▸ Aim of the exercise
Exactly reproduce the lines of the listing below from the one containing "四人标准间, Rooms Merlika" through the one containing "Các nạn nhân". Skip the images.

▸ Input for this task
────────

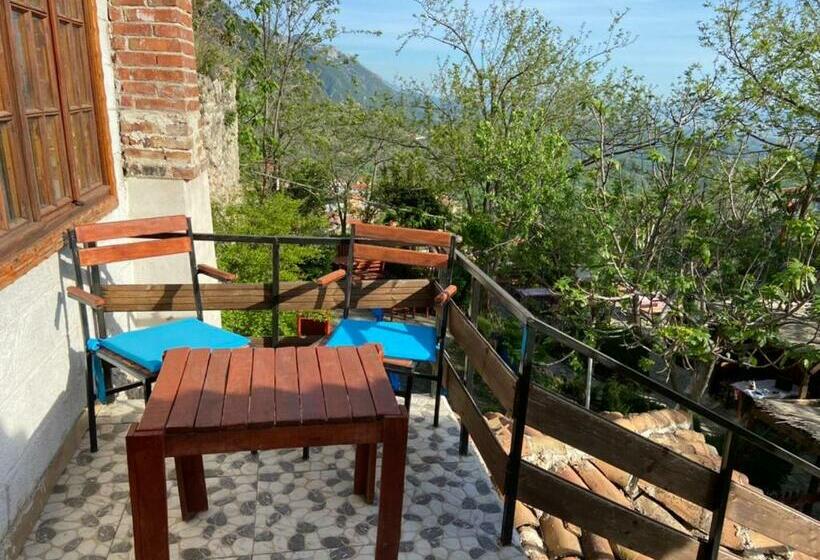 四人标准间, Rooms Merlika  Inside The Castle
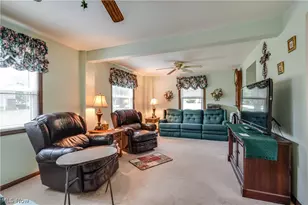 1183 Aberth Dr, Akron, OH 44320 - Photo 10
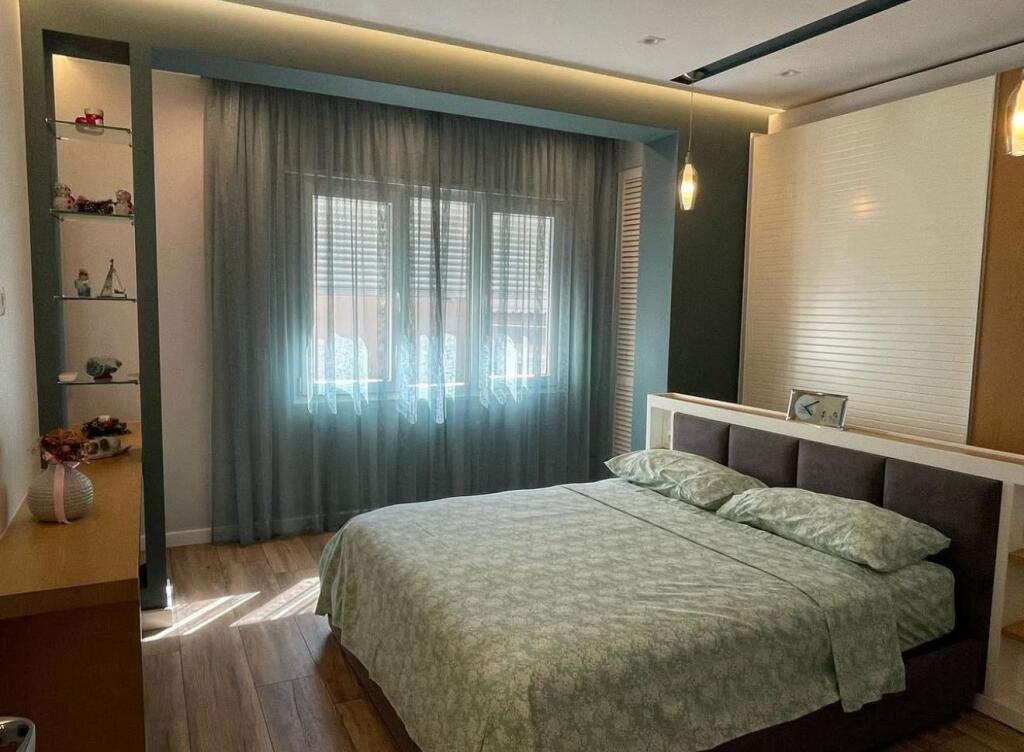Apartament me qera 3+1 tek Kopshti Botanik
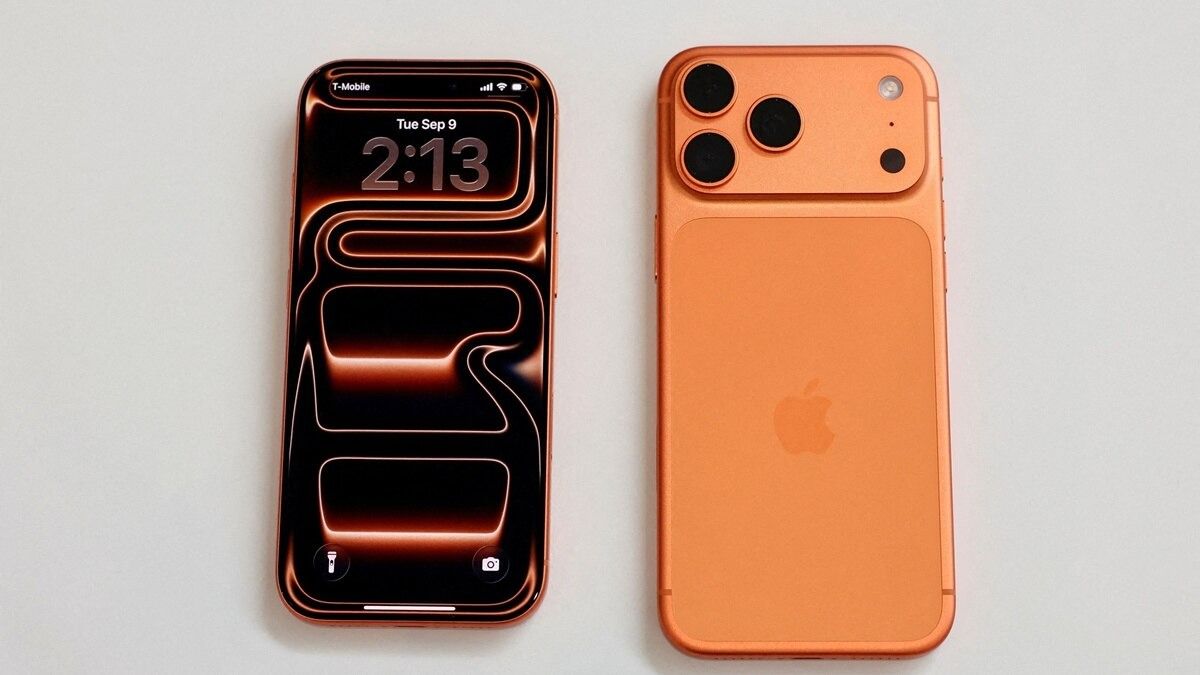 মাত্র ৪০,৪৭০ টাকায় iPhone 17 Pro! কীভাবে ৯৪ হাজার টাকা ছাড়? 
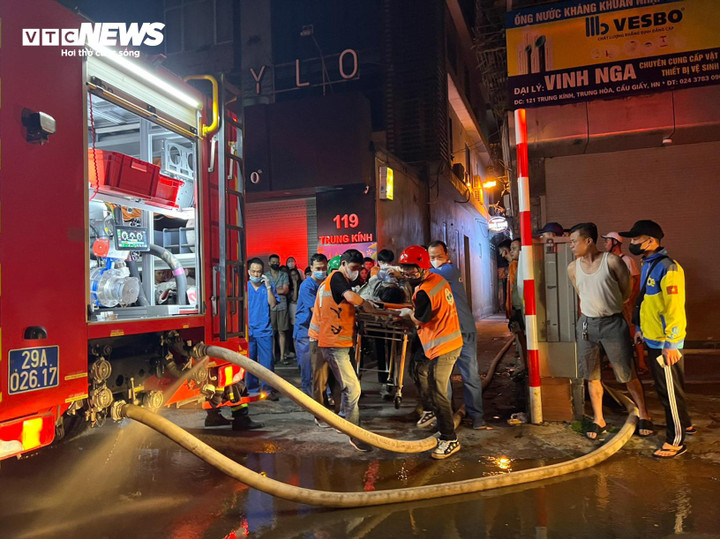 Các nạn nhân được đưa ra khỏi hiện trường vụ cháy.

────────

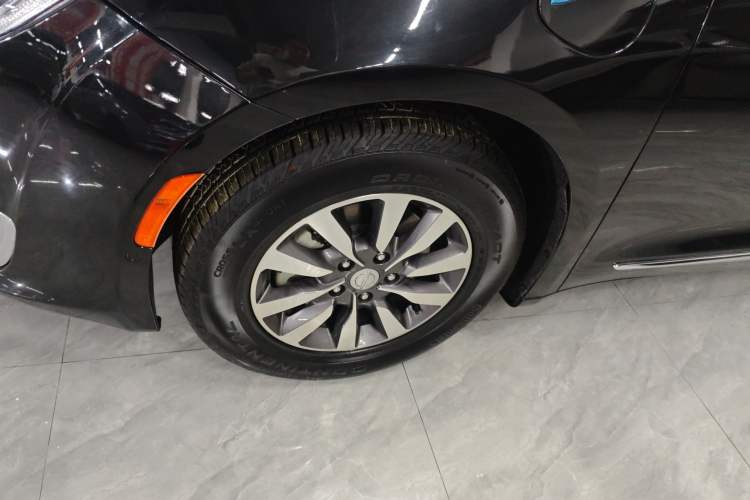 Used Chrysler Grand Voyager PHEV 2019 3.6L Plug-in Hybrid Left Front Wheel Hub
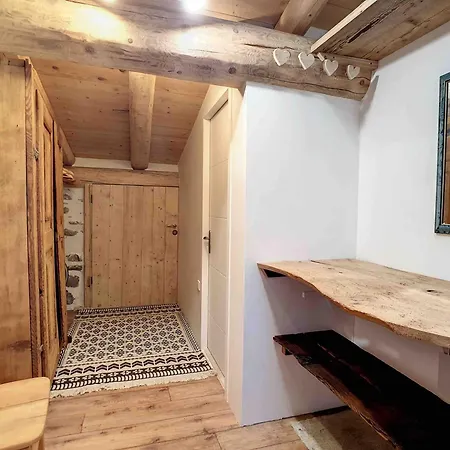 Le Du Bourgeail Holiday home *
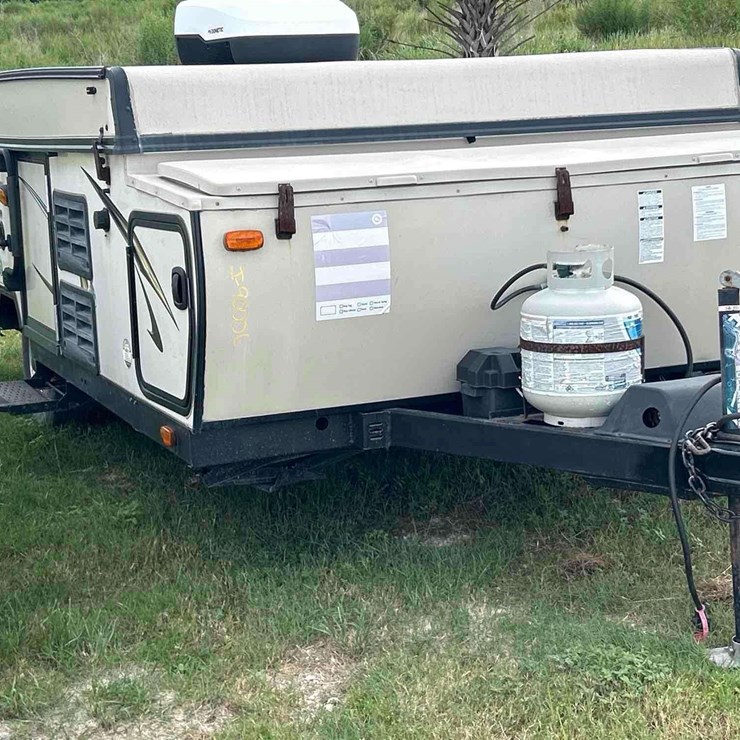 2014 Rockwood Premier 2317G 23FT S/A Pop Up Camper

────────

▸ Answer section
 四人标准间, Rooms Merlika  Inside The Castle
 1183 Aberth Dr, Akron, OH 44320 - Photo 10
Apartament me qera 3+1 tek Kopshti Botanik
 মাত্র ৪০,৪৭০ টাকায় iPhone 17 Pro! কীভাবে ৯৪ হাজার টাকা ছাড়? 
 Các nạn nhân được đưa ra khỏi hiện trường vụ cháy.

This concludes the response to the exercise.